Qaghan of the Uyghurs
- Reign: 790
- Predecessor: Tun Baga Tarkhan
- Successor: Qutluq Bilge Qaghan
- Born: Yàoluógé Duōluósī (藥羅葛多邏斯)
- Died: 790
- Spouse: E (葉)

Regnal name
- Ay Tengride Bolmish Külüg Bilge Qaghan (𐰖:𐱅𐰭𐰼𐰃𐰓𐰀:𐰉𐰆𐰞𐰢𐰃𐱁:𐰚𐰇𐰠𐰏:𐰋𐰃𐰠𐰏𐰀:𐰴𐰍𐰣) Moon Godborn Glorious Wise Qaghan
- House: Yaglakar clan
- Father: Tun Baga Tarkhan
- Religion: Tengriism

= Külüg Qaghan =

Külüg Bilge Qaghan was the 5th leader of Uyghur Khaganate. His Tang invested title was Zhongzhen Qaghan (忠貞可汗) and was known as Panguan Tegin (泮官特勒) before taking the throne. He was born around 772/773.

== Biography ==

=== Reign ===
He was a minor when his father, Tun Baga Tarkhan of the Uyghur Khaganate, died. He was known as Panguan Tegin (泮官特勒), when raised to throne after his father's death. He reigned for only 5 months.

=== Death ===
According to one account he was killed by his brother, who for a time usurped the throne. Another account suggested that Külüg Qaghan was poisoned by a khatun – E (葉), who happened to be a granddaughter of Pugu Huai'en. His throne was usurped by his brother, however he was killed by nobles who in turn raised his minor son Achuo (阿啜) to the throne.

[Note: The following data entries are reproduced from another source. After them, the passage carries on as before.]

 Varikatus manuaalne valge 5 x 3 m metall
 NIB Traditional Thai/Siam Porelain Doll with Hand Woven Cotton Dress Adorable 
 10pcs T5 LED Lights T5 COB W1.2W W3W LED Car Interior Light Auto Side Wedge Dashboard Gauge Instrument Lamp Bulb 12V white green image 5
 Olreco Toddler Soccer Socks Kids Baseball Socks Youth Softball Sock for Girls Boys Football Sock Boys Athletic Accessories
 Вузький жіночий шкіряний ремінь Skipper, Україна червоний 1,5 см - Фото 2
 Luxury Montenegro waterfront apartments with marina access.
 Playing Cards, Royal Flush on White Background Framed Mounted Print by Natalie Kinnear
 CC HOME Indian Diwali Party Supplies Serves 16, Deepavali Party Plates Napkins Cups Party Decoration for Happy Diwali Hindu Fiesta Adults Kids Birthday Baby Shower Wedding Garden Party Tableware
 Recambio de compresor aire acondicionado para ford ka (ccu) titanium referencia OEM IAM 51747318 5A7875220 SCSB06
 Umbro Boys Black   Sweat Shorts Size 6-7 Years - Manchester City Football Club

His death happened just before Uyghurs suffered a heavy defeat under Grand Chancellor Inanchu Bilge (頡千逝斯) of Elter (𨁂跌) against the Tibetans who were aided by the ruler of the Karluk Yabghu, Alp Burguchan who united the Chigils, Bulaqs and Shatuo, near Beshbaliq. As a result Yang Xigu (楊襲古) Commander of Beiting Protectorate committed suicide.